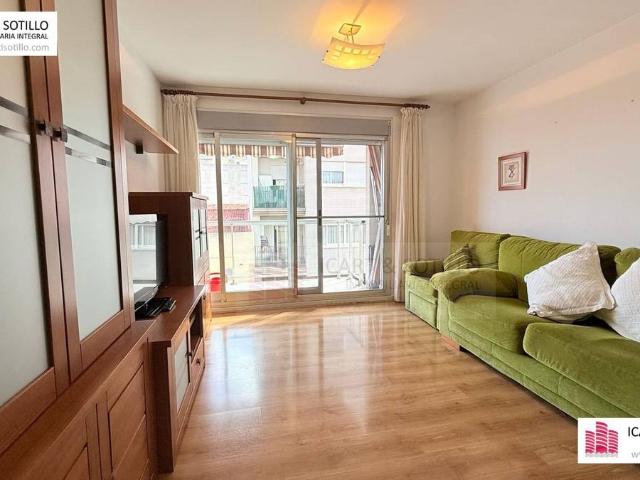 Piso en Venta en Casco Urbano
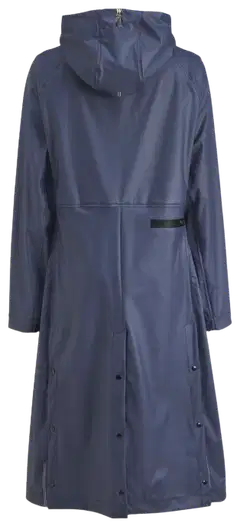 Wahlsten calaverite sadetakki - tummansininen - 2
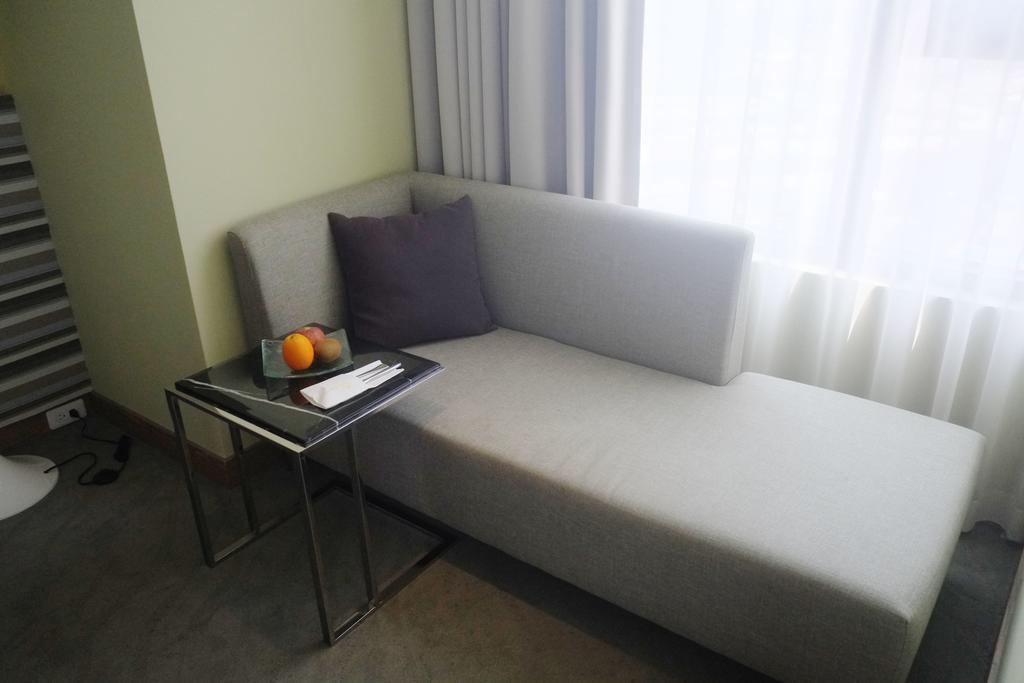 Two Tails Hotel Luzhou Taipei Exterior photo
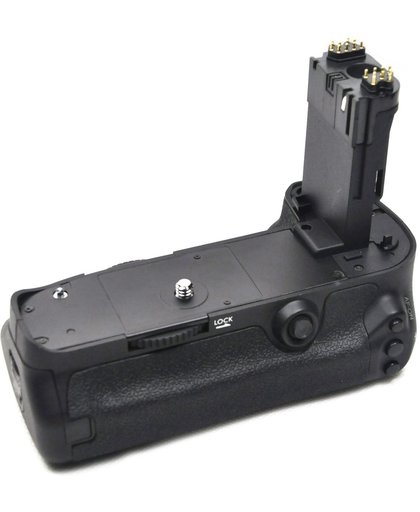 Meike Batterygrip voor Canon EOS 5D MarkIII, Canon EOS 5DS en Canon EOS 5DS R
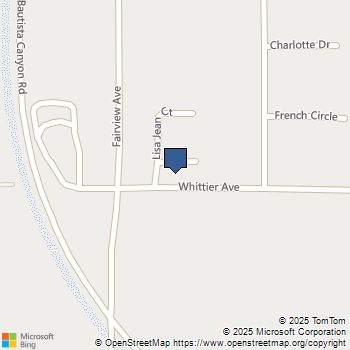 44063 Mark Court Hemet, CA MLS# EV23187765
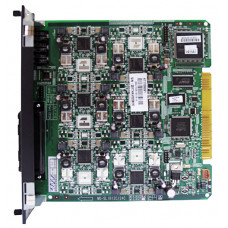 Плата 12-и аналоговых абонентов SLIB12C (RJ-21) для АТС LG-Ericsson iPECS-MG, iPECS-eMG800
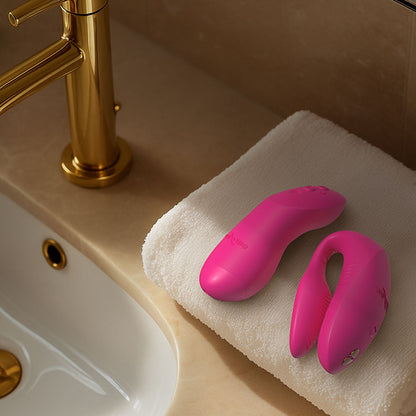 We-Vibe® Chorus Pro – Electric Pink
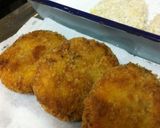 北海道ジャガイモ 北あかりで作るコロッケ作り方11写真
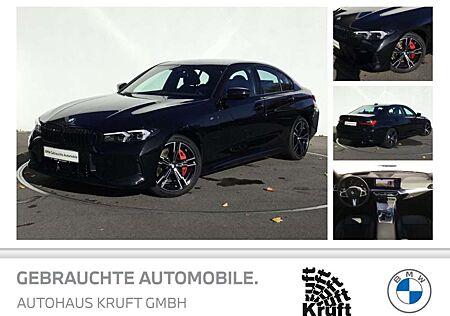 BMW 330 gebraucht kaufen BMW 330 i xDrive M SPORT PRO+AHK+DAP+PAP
........
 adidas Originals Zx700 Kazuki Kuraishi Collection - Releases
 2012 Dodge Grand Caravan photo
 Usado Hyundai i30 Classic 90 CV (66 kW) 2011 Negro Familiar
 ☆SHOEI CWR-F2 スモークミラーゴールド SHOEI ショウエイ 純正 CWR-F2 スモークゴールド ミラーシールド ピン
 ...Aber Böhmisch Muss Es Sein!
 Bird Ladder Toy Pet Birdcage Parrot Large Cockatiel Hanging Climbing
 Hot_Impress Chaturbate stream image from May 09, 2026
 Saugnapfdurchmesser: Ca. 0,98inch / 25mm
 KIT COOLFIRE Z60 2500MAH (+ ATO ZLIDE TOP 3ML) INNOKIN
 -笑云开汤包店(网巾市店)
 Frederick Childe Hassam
........
TASK STATEMENT: Find the line with "Piso en Venta en Casco Urbano" in the entries above. Set down exactly every line from it up to and including the line with "44063 Mark Court Hemet, CA MLS# EV23187765", images excluded.

TASK RESPONSE:
 Piso en Venta en Casco Urbano
 Wahlsten calaverite sadetakki - tummansininen - 2
 Two Tails Hotel Luzhou Taipei Exterior photo
 Meike Batterygrip voor Canon EOS 5D MarkIII, Canon EOS 5DS en Canon EOS 5DS R
 44063 Mark Court Hemet, CA MLS# EV23187765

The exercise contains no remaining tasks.